Lisa Skube, a 2010 – 2011 Reynolds Journalism Fellow, and West Seattle native, is conducting a series of small gatherings, bringing together local community news networks, collecting feedback that will inform the creation of an online platform for sharing, discussion and collaboration slated to launch early year 2011. The project, titled the Journalism Accelerator, borrows from the simplistic nature of successful community web based social platforms and aims to facilitate faster, rated information sharing between journalists.
Fifteen people gathered at the Alki Arts Center in West Seattle November 16th for the discussion which covered topics from the shared stake between journalists and their audience, to how they can serve as allies and resources to each other, to understanding journalism content as product. “Those organizations growing their audience tend to be those that are mission oriented,” says Skube. “Their content inspires and empowers relationships and a sense of community.”

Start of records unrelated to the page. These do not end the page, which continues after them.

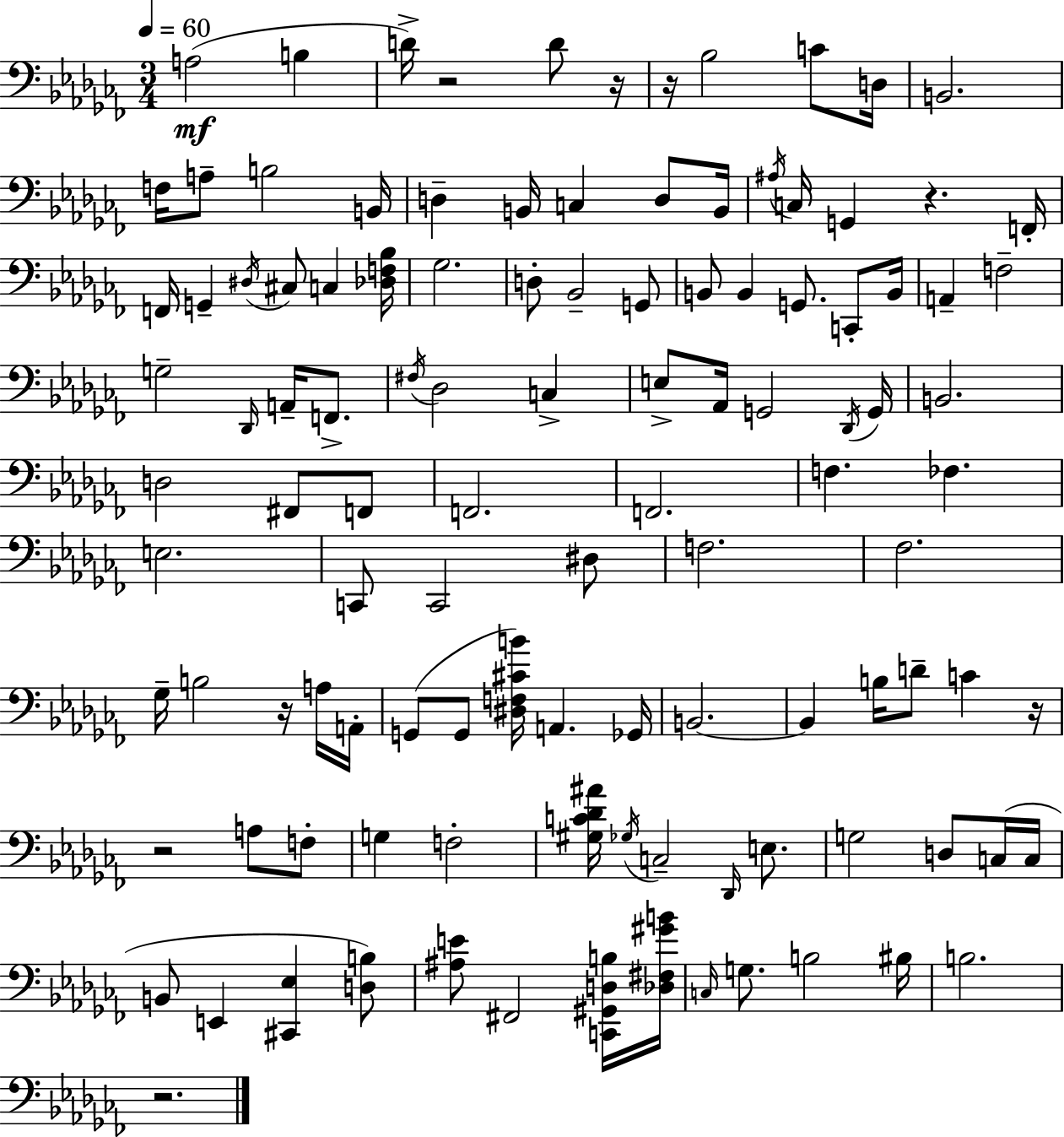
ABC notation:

X:1
T:Untitled
M:3/4
L:1/4
K:Abm
A,2 B, D/4 z2 D/2 z/4 z/4 _B,2 C/2 D,/4 B,,2 F,/4 A,/2 B,2 B,,/4 D, B,,/4 C, D,/2 B,,/4 ^A,/4 C,/4 G,, z F,,/4 F,,/4 G,, ^D,/4 ^C,/2 C, [_D,F,_B,]/4 _G,2 D,/2 _B,,2 G,,/2 B,,/2 B,, G,,/2 C,,/2 B,,/4 A,, F,2 G,2 _D,,/4 A,,/4 F,,/2 ^F,/4 _D,2 C, E,/2 _A,,/4 G,,2 _D,,/4 G,,/4 B,,2 D,2 ^F,,/2 F,,/2 F,,2 F,,2 F, _F, E,2 C,,/2 C,,2 ^D,/2 F,2 _F,2 _G,/4 B,2 z/4 A,/4 A,,/4 G,,/2 G,,/2 [^D,F,^CB]/4 A,, _G,,/4 B,,2 B,, B,/4 D/2 C z/4 z2 A,/2 F,/2 G, F,2 [^G,C_D^A]/4 _G,/4 C,2 _D,,/4 E,/2 G,2 D,/2 C,/4 C,/4 B,,/2 E,, [^C,,_E,] [D,B,]/2 [^A,E]/2 ^F,,2 [C,,^G,,D,B,]/4 [_D,^F,^GB]/4 C,/4 G,/2 B,2 ^B,/4 B,2 z2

Relational information works best when an organization has determined what the unique impact and benefit their message is having on their community, with a full grasp of what would be lost without that message.

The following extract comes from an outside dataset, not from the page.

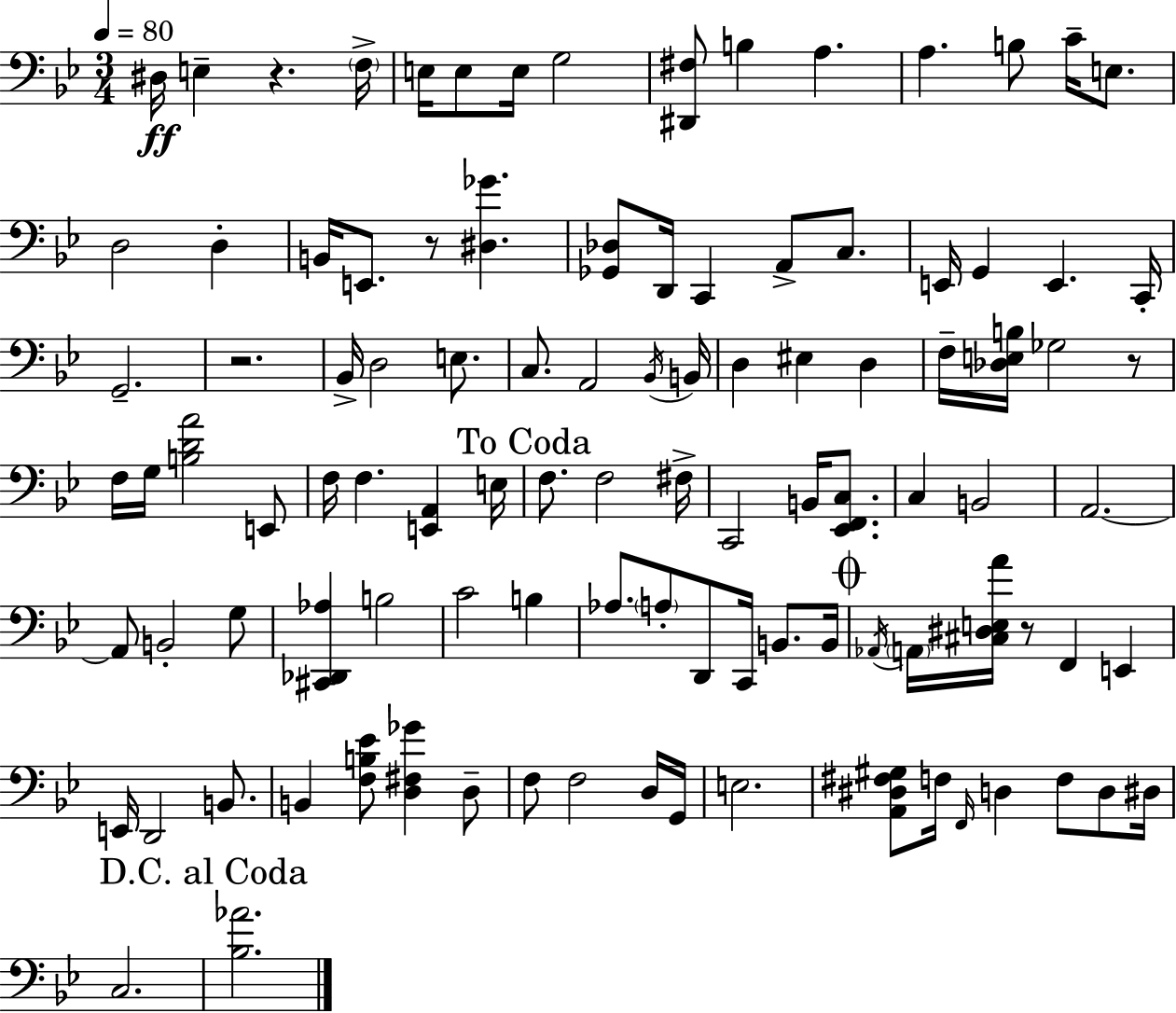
D#3/s E3/q R/q. F3/s E3/s E3/e E3/s G3/h [D#2,F#3]/e B3/q A3/q. A3/q. B3/e C4/s E3/e. D3/h D3/q B2/s E2/e. R/e [D#3,Gb4]/q. [Gb2,Db3]/e D2/s C2/q A2/e C3/e. E2/s G2/q E2/q. C2/s G2/h. R/h. Bb2/s D3/h E3/e. C3/e. A2/h Bb2/s B2/s D3/q EIS3/q D3/q F3/s [Db3,E3,B3]/s Gb3/h R/e F3/s G3/s [B3,D4,A4]/h E2/e F3/s F3/q. [E2,A2]/q E3/s F3/e. F3/h F#3/s C2/h B2/s [Eb2,F2,C3]/e. C3/q B2/h A2/h. A2/e B2/h G3/e [C#2,Db2,Ab3]/q B3/h C4/h B3/q Ab3/e. A3/e D2/e C2/s B2/e. B2/s Ab2/s A2/s [C#3,D#3,E3,A4]/s R/e F2/q E2/q E2/s D2/h B2/e. B2/q [F3,B3,Eb4]/e [D3,F#3,Gb4]/q D3/e F3/e F3/h D3/s G2/s E3/h. [A2,D#3,F#3,G#3]/e F3/s F2/s D3/q F3/e D3/e D#3/s C3/h. [Bb3,Ab4]/h.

“Experiments that aim to learn something and report clearly what they learned tend to get more traction,” says Skube.
Projects which are simply focused on old revenue models which reflect product and audience no longer seem to get very far unless there is a narrative developed – a conversation which can build over time between the organization and its audience. Without that deeper connection, the modern audience tends to simply take the information, then go somewhere else to talk about it.
Part of Skube’s project plan is to examine various journalism websites to see if and how that connection is being built by asking the site creators what values they think they’re giving their community and then go out into the community to ask what values community members are receiving from those sites.
“A focus on relational impact is new to journalism,” Skube said. “We have to better understand value. How do you know if your content is connecting? It’s not just about page views anymore.”
Journalism organizations are having to learn new ways to serve and function. User generated content is an incredible opportunity to tap into a community’s often hidden needs, as well as a way to empower people in a community to realize they have a voice. Creating a narrative out of site metrics can prove to be a very powerful tool to attract funders.
“Journalism is morphing into something quite different,” says Karen Rathe, a journalism teacher and the University of Washington. “They keep saying journalism is dying. But there are 30 applicants for every 20 positions out there.” The need for savvy, updated information and education, as well as new tools for serving both journalists and communities – taking their interactions to the next level – has never been greater.